Data for the task:
==============================
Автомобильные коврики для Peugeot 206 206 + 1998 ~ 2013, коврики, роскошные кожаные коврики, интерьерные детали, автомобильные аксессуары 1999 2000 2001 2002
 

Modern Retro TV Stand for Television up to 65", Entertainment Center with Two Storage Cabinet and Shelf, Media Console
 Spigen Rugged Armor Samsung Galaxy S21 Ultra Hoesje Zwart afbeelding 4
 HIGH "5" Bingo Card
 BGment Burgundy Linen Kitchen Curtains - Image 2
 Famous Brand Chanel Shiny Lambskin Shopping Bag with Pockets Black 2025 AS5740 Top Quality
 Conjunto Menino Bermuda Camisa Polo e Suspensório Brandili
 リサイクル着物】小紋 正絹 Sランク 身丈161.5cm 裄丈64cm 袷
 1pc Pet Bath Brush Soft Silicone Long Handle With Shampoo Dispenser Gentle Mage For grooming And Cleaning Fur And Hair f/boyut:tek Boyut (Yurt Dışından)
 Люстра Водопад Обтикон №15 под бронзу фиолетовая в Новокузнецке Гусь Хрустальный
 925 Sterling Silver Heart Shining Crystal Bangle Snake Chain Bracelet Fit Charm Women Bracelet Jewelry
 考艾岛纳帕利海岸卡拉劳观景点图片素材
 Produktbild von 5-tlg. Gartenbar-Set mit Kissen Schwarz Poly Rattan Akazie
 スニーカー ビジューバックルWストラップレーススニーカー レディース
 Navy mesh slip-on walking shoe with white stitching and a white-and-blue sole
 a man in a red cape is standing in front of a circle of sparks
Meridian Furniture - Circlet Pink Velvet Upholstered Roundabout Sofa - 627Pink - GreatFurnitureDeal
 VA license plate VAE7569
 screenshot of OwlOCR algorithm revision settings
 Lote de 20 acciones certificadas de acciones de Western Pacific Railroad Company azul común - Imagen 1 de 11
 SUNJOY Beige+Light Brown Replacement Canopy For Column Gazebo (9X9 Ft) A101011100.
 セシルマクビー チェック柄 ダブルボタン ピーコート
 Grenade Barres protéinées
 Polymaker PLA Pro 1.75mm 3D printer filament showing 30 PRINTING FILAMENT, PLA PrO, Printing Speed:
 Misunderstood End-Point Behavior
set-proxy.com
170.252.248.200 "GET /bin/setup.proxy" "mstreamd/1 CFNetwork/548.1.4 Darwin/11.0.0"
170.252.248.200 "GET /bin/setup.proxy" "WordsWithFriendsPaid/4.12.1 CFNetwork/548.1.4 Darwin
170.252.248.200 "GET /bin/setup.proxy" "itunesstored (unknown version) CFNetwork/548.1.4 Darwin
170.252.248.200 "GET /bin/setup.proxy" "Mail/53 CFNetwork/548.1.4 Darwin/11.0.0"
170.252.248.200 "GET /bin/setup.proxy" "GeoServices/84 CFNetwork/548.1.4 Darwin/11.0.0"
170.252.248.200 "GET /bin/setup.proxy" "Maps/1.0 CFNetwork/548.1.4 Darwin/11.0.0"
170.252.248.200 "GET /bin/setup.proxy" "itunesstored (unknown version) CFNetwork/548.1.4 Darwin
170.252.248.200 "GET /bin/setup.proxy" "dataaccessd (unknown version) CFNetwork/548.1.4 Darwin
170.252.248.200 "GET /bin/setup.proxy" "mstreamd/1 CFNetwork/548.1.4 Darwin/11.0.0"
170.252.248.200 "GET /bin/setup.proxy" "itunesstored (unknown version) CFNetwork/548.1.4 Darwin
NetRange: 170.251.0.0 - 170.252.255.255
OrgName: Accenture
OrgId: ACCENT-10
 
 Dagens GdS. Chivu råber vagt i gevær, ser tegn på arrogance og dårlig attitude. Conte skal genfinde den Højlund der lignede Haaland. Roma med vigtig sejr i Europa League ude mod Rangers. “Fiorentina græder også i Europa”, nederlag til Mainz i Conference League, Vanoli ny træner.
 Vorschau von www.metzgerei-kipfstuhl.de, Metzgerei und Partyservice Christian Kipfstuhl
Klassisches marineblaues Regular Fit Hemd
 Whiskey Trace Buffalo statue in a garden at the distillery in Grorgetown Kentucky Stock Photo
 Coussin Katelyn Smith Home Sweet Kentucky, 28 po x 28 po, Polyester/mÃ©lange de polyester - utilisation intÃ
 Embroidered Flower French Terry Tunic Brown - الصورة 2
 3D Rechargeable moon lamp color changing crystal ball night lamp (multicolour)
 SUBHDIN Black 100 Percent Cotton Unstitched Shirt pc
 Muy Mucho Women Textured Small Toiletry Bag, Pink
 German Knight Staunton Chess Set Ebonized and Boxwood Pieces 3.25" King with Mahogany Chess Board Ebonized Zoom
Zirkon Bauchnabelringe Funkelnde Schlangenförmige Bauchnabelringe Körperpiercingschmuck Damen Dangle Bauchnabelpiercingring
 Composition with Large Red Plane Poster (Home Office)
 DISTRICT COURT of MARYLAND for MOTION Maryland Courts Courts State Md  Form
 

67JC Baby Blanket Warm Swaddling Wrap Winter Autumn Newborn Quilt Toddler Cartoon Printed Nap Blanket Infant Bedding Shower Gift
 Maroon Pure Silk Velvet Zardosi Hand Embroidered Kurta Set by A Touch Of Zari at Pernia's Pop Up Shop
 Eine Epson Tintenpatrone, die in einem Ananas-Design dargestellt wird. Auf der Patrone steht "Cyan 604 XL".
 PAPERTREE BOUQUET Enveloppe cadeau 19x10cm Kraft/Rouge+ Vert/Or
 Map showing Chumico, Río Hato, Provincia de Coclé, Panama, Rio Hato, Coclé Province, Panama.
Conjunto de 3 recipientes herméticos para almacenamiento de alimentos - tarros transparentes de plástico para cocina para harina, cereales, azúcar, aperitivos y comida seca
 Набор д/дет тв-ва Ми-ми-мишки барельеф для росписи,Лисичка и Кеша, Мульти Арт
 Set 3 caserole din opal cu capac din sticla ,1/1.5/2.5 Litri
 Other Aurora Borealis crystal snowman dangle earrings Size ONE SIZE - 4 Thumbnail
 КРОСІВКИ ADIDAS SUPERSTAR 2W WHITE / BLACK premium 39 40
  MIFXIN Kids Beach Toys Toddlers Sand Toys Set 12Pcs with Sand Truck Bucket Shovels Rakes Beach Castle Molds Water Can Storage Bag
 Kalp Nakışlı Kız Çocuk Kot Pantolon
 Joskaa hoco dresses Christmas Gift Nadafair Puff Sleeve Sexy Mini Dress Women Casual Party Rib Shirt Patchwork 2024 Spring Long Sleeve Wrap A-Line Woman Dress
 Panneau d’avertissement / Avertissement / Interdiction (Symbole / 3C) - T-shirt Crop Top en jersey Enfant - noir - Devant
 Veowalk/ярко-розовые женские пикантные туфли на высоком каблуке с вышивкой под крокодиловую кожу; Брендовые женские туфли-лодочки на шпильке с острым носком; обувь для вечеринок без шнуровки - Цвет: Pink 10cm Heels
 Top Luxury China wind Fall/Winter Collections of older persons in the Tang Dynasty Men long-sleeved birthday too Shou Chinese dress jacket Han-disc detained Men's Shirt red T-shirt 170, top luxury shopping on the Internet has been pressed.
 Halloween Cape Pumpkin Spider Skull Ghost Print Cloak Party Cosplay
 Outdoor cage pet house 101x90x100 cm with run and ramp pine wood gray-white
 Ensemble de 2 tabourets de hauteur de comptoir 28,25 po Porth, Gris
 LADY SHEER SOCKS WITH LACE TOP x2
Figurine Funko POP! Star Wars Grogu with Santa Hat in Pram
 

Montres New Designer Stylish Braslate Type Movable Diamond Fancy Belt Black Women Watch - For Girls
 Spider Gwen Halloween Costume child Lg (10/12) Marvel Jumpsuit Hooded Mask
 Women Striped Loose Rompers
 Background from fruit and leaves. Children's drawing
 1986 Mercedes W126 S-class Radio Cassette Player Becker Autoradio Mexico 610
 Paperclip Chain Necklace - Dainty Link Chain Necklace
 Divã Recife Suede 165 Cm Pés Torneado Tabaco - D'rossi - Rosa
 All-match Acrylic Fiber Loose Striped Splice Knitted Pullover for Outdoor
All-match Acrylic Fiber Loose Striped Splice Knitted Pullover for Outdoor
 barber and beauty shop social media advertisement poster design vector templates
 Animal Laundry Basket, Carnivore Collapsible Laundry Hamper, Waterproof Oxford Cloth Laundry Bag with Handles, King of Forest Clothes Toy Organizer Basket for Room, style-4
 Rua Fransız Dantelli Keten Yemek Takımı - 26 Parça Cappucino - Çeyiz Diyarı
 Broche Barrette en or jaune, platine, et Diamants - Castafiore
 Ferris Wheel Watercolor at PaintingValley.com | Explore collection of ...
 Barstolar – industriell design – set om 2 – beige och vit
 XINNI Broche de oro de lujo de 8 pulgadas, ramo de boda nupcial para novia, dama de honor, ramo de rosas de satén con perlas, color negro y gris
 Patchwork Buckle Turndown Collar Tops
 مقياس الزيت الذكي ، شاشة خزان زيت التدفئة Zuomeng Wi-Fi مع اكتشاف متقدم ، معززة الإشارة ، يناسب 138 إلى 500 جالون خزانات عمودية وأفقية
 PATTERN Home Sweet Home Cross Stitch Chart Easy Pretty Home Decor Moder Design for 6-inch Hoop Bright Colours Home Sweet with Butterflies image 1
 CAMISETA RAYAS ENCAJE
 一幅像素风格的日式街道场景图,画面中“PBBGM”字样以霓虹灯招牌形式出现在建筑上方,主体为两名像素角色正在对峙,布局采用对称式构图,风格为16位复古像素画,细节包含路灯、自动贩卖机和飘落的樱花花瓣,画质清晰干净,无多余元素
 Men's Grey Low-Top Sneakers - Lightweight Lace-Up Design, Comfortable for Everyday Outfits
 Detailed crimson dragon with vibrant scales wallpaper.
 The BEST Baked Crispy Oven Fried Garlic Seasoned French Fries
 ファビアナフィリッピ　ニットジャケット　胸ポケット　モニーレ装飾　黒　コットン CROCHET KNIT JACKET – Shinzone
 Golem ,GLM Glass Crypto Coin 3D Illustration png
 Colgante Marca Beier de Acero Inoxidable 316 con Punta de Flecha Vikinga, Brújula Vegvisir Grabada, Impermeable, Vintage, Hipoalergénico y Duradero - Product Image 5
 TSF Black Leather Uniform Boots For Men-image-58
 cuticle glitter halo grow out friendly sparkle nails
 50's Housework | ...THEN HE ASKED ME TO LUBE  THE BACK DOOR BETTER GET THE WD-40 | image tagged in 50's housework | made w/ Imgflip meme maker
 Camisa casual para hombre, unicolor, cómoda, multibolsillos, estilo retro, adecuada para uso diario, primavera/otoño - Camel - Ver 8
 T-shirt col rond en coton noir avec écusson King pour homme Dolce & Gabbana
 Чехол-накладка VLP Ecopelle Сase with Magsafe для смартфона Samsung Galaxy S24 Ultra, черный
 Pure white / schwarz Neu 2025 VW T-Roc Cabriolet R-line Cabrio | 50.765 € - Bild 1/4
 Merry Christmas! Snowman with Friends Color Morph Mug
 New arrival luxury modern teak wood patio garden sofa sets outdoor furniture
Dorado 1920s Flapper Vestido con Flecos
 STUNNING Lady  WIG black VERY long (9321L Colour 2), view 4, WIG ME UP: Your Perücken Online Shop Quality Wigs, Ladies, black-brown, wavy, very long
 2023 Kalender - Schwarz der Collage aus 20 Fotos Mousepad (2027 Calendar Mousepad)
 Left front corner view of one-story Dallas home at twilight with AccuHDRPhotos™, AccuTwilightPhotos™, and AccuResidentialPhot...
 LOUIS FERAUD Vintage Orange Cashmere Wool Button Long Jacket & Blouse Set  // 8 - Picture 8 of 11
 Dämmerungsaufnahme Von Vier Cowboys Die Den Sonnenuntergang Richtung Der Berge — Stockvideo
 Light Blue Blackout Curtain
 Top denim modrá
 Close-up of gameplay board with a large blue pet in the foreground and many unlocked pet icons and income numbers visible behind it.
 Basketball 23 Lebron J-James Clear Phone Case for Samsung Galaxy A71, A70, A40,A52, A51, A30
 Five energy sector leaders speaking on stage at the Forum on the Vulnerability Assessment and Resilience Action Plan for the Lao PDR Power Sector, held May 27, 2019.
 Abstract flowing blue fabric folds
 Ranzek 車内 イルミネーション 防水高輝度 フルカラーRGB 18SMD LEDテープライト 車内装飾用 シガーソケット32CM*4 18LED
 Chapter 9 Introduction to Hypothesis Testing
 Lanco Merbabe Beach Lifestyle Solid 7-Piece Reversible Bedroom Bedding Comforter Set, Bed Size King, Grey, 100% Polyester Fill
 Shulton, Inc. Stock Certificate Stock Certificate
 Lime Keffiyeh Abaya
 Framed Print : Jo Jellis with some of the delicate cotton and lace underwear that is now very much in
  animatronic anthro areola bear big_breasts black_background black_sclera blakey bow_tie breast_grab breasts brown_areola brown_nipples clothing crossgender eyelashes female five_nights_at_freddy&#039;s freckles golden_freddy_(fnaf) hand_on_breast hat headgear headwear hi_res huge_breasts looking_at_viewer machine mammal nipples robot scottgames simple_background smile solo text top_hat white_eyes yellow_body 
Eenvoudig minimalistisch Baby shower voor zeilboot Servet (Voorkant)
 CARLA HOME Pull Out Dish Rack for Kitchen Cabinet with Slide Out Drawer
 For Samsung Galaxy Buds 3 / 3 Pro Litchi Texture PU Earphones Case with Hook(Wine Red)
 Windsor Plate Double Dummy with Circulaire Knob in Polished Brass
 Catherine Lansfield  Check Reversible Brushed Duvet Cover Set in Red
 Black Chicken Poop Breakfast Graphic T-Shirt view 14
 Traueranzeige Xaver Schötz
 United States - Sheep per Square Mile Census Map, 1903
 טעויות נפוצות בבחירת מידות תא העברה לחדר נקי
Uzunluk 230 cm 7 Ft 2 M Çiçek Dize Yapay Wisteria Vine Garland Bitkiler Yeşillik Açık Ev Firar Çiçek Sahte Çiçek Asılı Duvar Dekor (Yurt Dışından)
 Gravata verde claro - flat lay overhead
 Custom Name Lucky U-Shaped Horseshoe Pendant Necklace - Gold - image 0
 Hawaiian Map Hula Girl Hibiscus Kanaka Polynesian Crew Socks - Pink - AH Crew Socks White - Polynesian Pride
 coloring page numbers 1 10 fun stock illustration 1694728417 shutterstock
==============================
Work to be completed:
Reproduce the lines of the records exactly, from the first one through the line that contains "Modern Retro TV".

Task response:
Автомобильные коврики для Peugeot 206 206 + 1998 ~ 2013, коврики, роскошные кожаные коврики, интерьерные детали, автомобильные аксессуары 1999 2000 2001 2002
 

Modern Retro TV Stand for Television up to 65", Entertainment Center with Two Storage Cabinet and Shelf, Media Console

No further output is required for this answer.